Records excerpted from a collection
_ _ _ _ _
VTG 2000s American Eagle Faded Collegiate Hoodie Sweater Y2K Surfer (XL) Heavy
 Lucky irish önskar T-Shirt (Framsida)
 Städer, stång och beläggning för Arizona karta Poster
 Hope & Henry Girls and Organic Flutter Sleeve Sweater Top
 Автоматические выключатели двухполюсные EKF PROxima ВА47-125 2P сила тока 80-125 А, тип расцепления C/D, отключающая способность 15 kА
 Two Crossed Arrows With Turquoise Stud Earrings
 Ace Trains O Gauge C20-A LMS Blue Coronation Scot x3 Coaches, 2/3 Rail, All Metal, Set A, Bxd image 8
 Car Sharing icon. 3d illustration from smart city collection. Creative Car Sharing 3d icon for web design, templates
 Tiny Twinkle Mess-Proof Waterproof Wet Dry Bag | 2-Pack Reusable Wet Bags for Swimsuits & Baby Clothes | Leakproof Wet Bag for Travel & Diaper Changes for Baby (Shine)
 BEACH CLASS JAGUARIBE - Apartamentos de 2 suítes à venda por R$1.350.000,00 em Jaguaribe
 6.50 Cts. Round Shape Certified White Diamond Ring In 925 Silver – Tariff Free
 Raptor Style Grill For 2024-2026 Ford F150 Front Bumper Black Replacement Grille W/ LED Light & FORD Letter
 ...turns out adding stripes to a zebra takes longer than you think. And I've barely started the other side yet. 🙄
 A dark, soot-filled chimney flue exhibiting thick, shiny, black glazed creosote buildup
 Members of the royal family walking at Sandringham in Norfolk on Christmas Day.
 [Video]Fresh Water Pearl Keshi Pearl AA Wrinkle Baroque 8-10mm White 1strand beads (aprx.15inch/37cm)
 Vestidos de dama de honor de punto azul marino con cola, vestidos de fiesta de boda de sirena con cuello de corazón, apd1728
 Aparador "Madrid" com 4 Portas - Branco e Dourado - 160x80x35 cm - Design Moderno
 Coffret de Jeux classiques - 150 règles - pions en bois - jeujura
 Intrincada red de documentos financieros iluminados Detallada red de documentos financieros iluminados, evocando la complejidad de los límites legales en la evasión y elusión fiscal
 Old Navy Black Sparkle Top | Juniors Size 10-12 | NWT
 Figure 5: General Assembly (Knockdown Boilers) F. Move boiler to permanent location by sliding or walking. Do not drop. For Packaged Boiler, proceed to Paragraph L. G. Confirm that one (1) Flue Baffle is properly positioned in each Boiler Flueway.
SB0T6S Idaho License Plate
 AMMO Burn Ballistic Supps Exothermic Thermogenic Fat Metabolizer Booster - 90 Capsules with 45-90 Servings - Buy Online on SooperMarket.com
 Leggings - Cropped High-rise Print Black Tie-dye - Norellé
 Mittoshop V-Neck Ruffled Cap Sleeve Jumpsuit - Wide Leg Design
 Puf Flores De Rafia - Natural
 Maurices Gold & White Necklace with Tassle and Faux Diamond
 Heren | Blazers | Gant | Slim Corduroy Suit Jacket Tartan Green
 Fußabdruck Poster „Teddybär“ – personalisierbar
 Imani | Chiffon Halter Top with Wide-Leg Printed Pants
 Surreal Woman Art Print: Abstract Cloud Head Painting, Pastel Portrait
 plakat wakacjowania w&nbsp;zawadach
_ _ _ _ _
- **TO DO**
Write out exactly the lines above from the line with "BEACH CLASS JAGUARIBE" through the line with "A dark, soot-filled", both of them included, and leave out all other lines.

- **WRITTEN ANSWER**
 BEACH CLASS JAGUARIBE - Apartamentos de 2 suítes à venda por R$1.350.000,00 em Jaguaribe
 6.50 Cts. Round Shape Certified White Diamond Ring In 925 Silver – Tariff Free
 Raptor Style Grill For 2024-2026 Ford F150 Front Bumper Black Replacement Grille W/ LED Light & FORD Letter
 ...turns out adding stripes to a zebra takes longer than you think. And I've barely started the other side yet. 🙄
 A dark, soot-filled chimney flue exhibiting thick, shiny, black glazed creosote buildup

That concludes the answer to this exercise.